Center for Biomolecular Science and Engineering, University of California Santa Cruz, Santa Cruz, California, United States of America.
PLoS One. 2012;7(8):e43128. doi: 10.1371/journal.pone.0043128. Epub 2012 Aug 27.
Recent research supports the view that changes in gene regulation, as opposed to changes in the genes themselves, play a significant role in morphological evolution. Gene regulation is largely dependent on transcription factor binding sites. Researchers are now able to use the available 29 mammalian genomes to measure selective constraint at the level of binding sites. This detailed map of constraint suggests that mammalian genomes co-opt fragments of mobile elements to act as gene regulatory sequence on a large scale. In the human genome we detect over 280,000 putative regulatory elements, totaling approximately 7 Mb of sequence, that originated as mobile element insertions. These putative regulatory regions are conserved non-exonic elements (CNEEs), which show considerable cross-species constraint and signatures of continued negative selection in humans, yet do not appear in a known mature transcript. These putative regulatory elements were co-opted from SINE, LINE, LTR and DNA transposon insertions. We demonstrate that at least 11%, and an estimated 20%, of gene regulatory sequence in the human genome showing cross-species conservation was co-opted from mobile elements. The location in the genome of CNEEs co-opted from mobile elements closely resembles that of CNEEs in general, except in the centers of the largest gene deserts where recognizable co-option events are relatively rare. We find that regions of certain mobile element insertions are more likely to be held under purifying selection than others. In particular, we show 6 examples where paralogous instances of an often co-opted mobile element region define a sequence motif that closely matches a transcription factor's binding profile.
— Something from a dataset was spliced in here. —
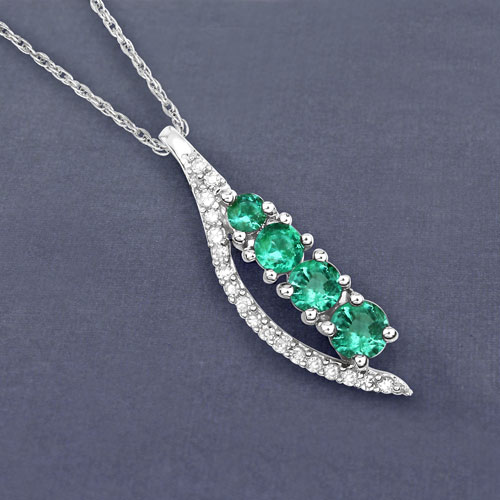 0.34 Carat Genuine Zambian Emerald and White Diamond 14K White Gold Pendant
最近的研究支持这样一种观点,即基因调控的变化(相对于基因本身的变化)在形态进化中起着重要作用。基因调控在很大程度上依赖于转录因子结合位点。研究人员现在能够利用现有的 29 种哺乳动物基因组来测量结合位点水平的选择约束。这种详细的约束图谱表明,哺乳动物基因组大规模地利用转座元件的片段作为基因调控序列。在人类基因组中,我们检测到超过 280000 个假定的调控元件,总长度约为 7Mb,它们起源于移动元件的插入。这些假定的调控区是保守的非编码元件(CNEEs),它们表现出相当大的跨物种约束和在人类中持续负选择的特征,但不存在于已知的成熟转录本中。这些假定的调控元件是从 SINE、LINE、LTR 和 DNA 转座子插入中共同获得的。我们证明,在人类基因组中,至少有 11%,估计有 20%的表现出跨物种保守性的基因调控序列是从移动元件中共同获得的。从移动元件中共同获得的 CNEEs 在基因组中的位置与一般的 CNEEs 非常相似,除了在最大基因荒漠的中心,那里可识别的共同获得事件相对较少。我们发现,某些移动元件插入区域比其他区域更有可能受到纯化选择的影响。特别是,我们展示了 6 个例子,其中一个经常共同获得的移动元件区域的同源实例定义了一个与转录因子结合谱非常匹配的序列基序。